Vivisection exists because the industry has become so engraved in our society. Egos are on the line. Scientists who have devoted their entire lives to animal experimentation are reluctant to admit that those methods were useless, much less dangerous. Simply put, animal experimentation continues because it is highly profitable. All the following constituencies make money: scientists, physicians, hospitals, regulation agency bureaucrats, pharmaceutical companies, medical conglomerates, politicians, animal farmers and vendors, lawyers, reporters, and news media, to name a few. Many companies support Vivisection in order to secure themselves against litigation too. Think asbestos. Think tobacco. None of these constituencies can afford for the public to lose confidence in the idea that animal testing protects them. The Fact that 68% of drug related deaths last year were as a result of legal drugs; that animal testing is less than 30% accurate – flipping a coin is 50% accurate!; that 61% of birth defects are caused by drugs passed safe in animal tests; and that one in six patients in hospital are there because of treatment they have taken are just some of the reason why Vivisection makes no sense.

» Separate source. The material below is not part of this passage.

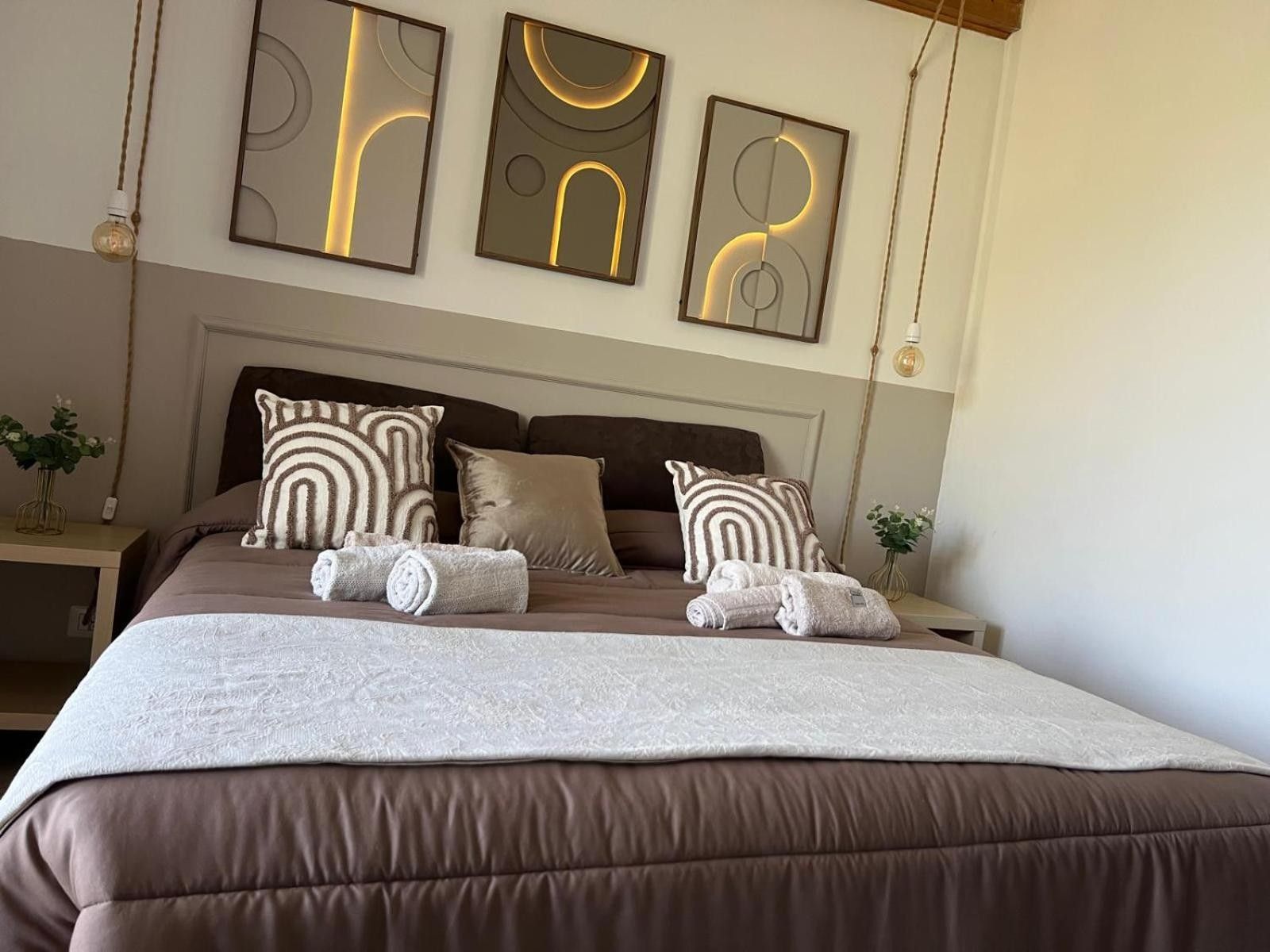 A neatly made bed with a brown headboard, multiple pillows, and a white blanket.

Charity funds continue to funnel into wasteful experiments that are of no use to the consumer who supports them. Animal experimentation is a kind of "white coat welfare." But the animal testing machine, now large and in perpetual motion, will be difficult to stop, but not impossible. We can start by not purchasing products known to be tested until such time the companies that produce them change their testing methods.